Abro los ojos de golpe y aferró automáticamente el bate de béisbol mientras me quedo mirando con incredulidad el artefacto que me ha despertado de mi duermevela. Compruebo la hora en el reloj, apenas visible tras una pila de libros. Las dos y cincuenta y un minutos. De la madrugada. Nadie llama a las dos y cincuenta y un minutos para dar buenas noticias. La pantalla indica número privado.
No es una feliz noticia.
Aun así descuelgo al segundo timbrazo para que no despierte a mi esposa. El corazón me late a toda prisa. Mi puño aferra el bate con fuerza, y he vuelto a mirar por la ventana como si la llamada fuera el aviso de un asalto inminente.
—¿Sí? —respondo en voz baja porque no pretendo estar de buen humor a semejantes horas. Además, mi adrenalina fluye como un torrente, y estoy un poco asustado… por mi familia.

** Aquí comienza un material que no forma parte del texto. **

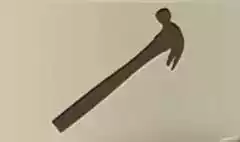 ハンマーのシルエット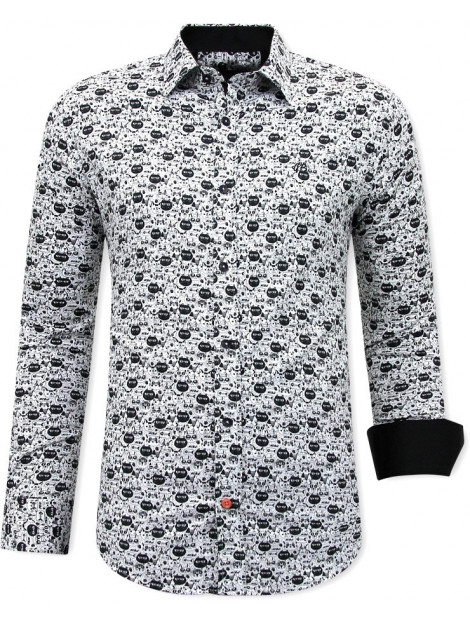 Tony Backer Satijn dierenprint zwart 3093 large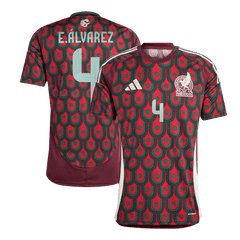 Maillot Mexique E.ÁLVAREZ #4 Domicile Copa America 2024 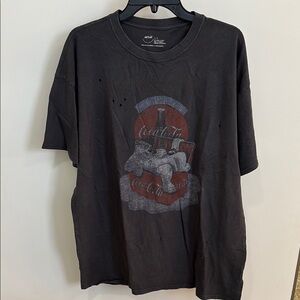 Coca Cola Black Short Sleeve Tee Vintage Graphic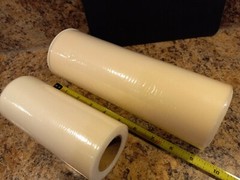 2 Spools Darice Tulle Size: 9″ x 50 Yards Size: 6″ x 30+ Yards 100% Nylon Ivory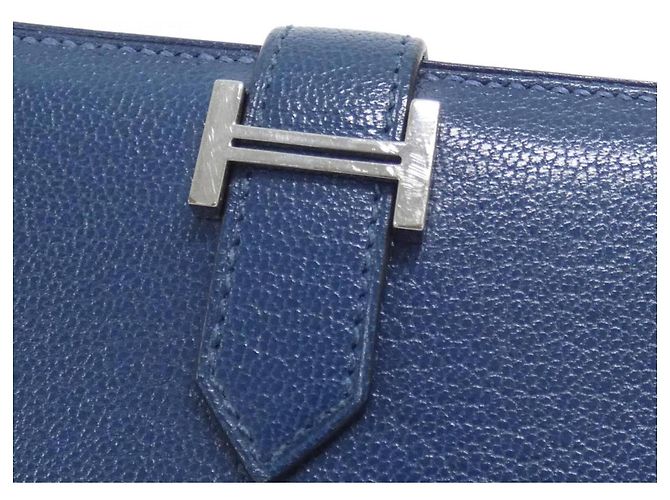 Hermès Tarjetero Hermes Bearn Deep Blue Azul oscuro - vista 5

—¿Es el profesor Garland? —pregunta una voz pausada.
—Lo soy.
—El problema ha sido resuelto —me asegura la voz en un tono voluptuoso, casi hipnótico—. Lamento lo que le ha ocurrido esta noche; pero, a partir de ahora, todo irá bien. Nadie volverá a molestarlo. Usted y su familia están a salvo, como se le prometió.
—¿Cómo? ¿Quién es?
—Y, naturalmente, no deberá mencionar esta llamada a nadie.
No se me ocurre a quién podría comentársela. Por otra parte…
—Suponga que mi teléfono está intervenido…
—No lo está. Buenas noches, profesor. Que duerma bien.
Cuelgo. En mi cabeza reina una mezcla de sorpresa, alivio y un miedo renovado y aún más profundo.
«Todo irá bien. El problema ha sido resuelto. Nadie volverá a molestarlo».
Puede que haya sido la llamada de un pirado, una broma pesada. O puede, solo puede, que algo mucho peor.
Puede que sea la verdad.
Tiemblo mientras subo la escalera preguntándome si he oído lo que creo haber oído en el momento de colgar: el leve clic de mi esposa intentando ser sigilosa al devolver el teléfono del dormitorio a su sitio.